::: Information shown
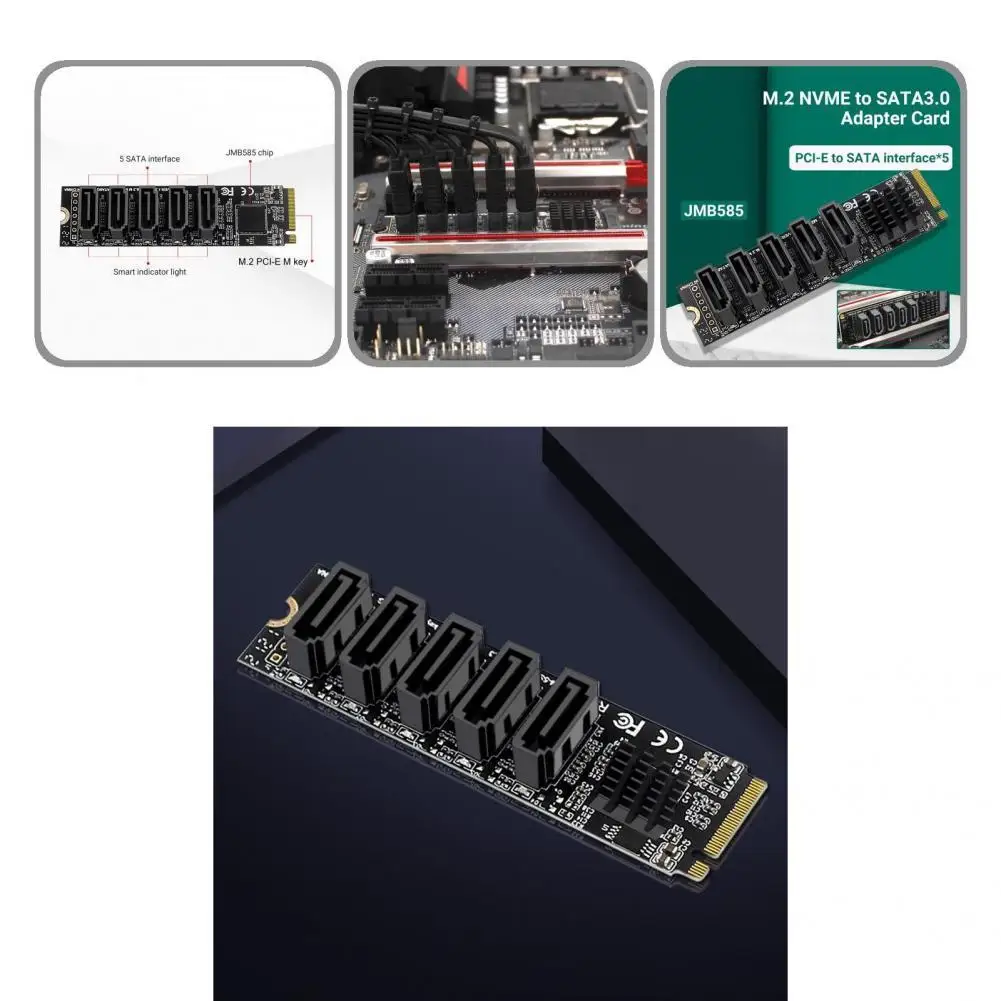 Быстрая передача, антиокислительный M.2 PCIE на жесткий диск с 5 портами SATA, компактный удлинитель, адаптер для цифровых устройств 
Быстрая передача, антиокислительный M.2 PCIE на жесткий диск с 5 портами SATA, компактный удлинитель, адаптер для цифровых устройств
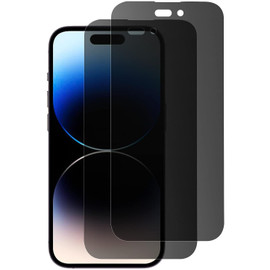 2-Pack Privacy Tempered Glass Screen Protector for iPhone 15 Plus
::::::
::: Information shown
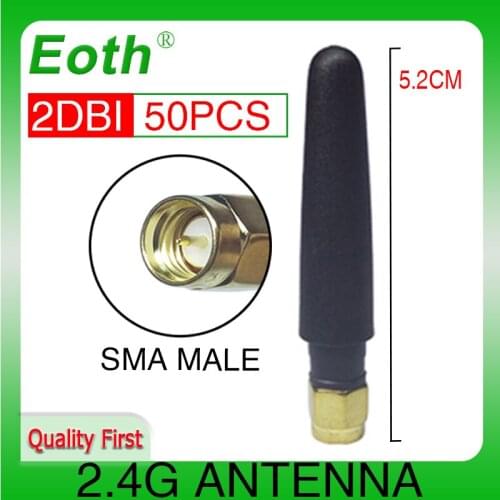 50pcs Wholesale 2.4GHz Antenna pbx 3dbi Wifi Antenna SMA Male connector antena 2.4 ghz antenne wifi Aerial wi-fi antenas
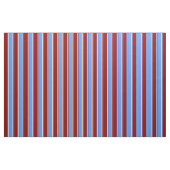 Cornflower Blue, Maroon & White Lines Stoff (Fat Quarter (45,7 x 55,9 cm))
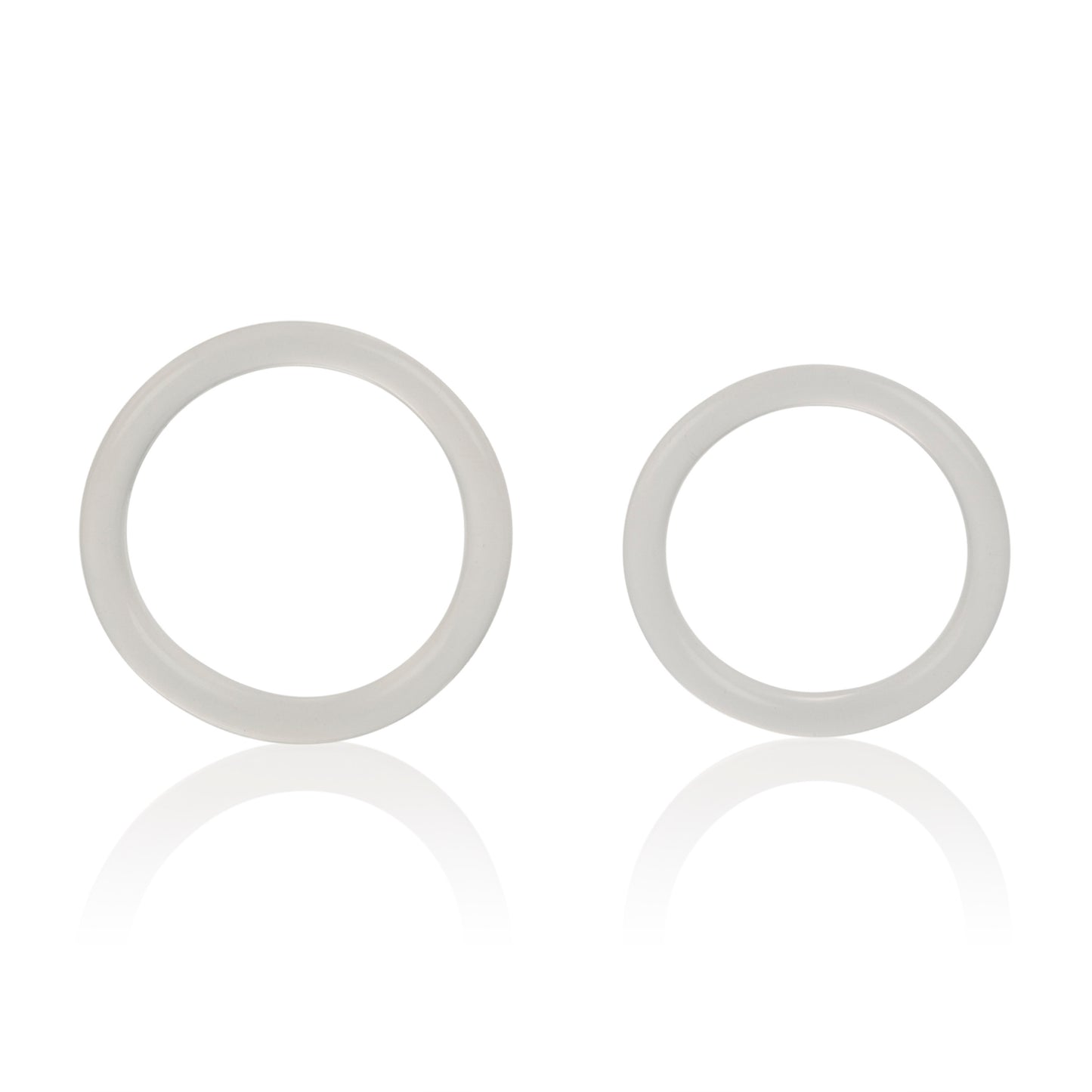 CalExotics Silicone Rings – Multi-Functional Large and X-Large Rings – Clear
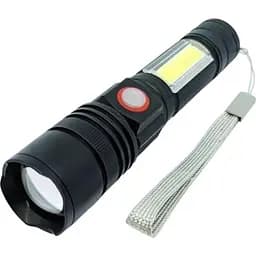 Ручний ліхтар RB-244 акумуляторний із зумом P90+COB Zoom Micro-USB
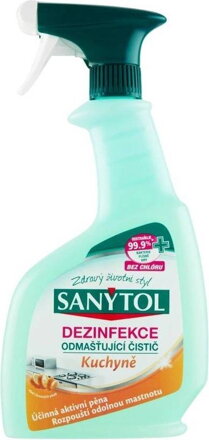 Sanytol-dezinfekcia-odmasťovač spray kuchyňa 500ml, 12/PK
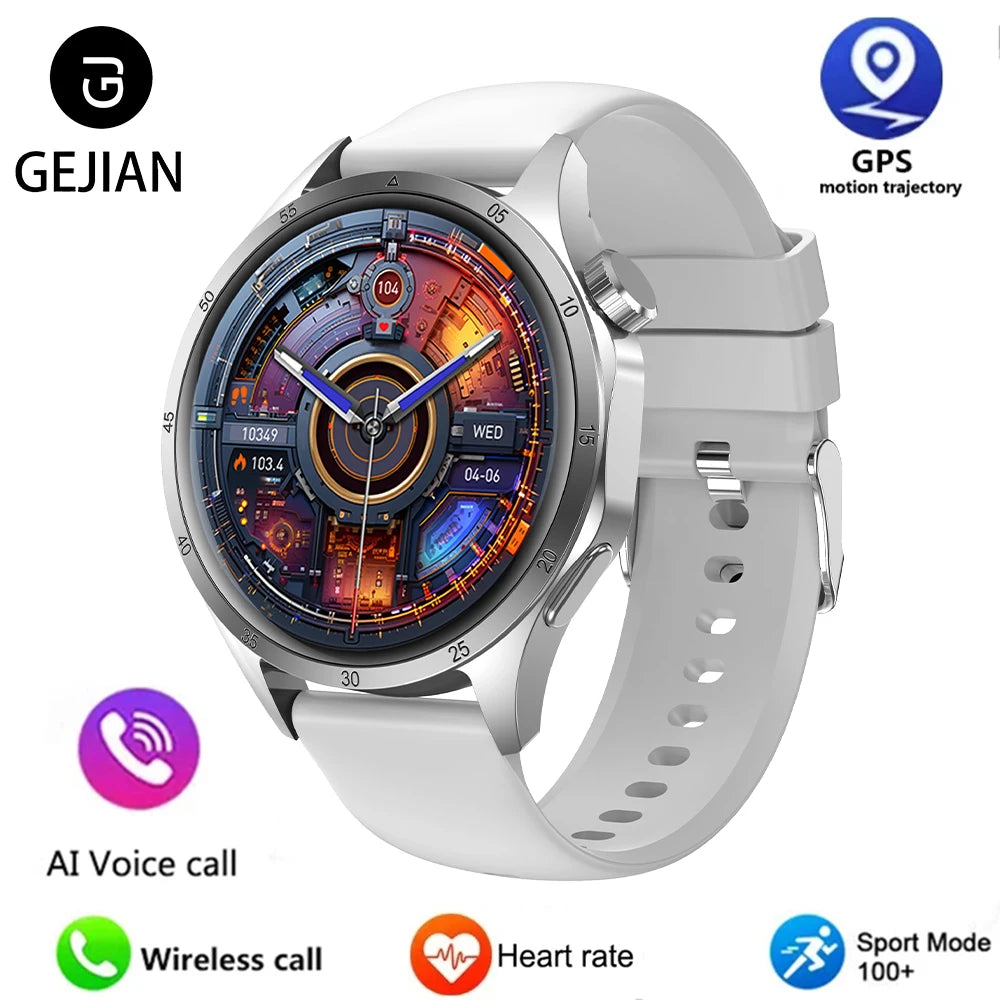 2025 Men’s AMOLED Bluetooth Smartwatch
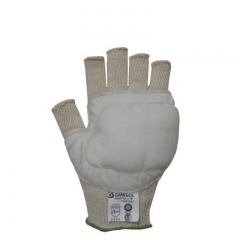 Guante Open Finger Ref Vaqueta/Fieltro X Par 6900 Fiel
::::::
In the material above, the stretch from the line with "Sanytol-dezinfekcia-odmasťovač spray kuchyňa" through the line with "Guante Open Finger" is to be given again exactly, minus the pictures.

Response
 Sanytol-dezinfekcia-odmasťovač spray kuchyňa 500ml, 12/PK
 2025 Men’s AMOLED Bluetooth Smartwatch
 Guante Open Finger Ref Vaqueta/Fieltro X Par 6900 Fiel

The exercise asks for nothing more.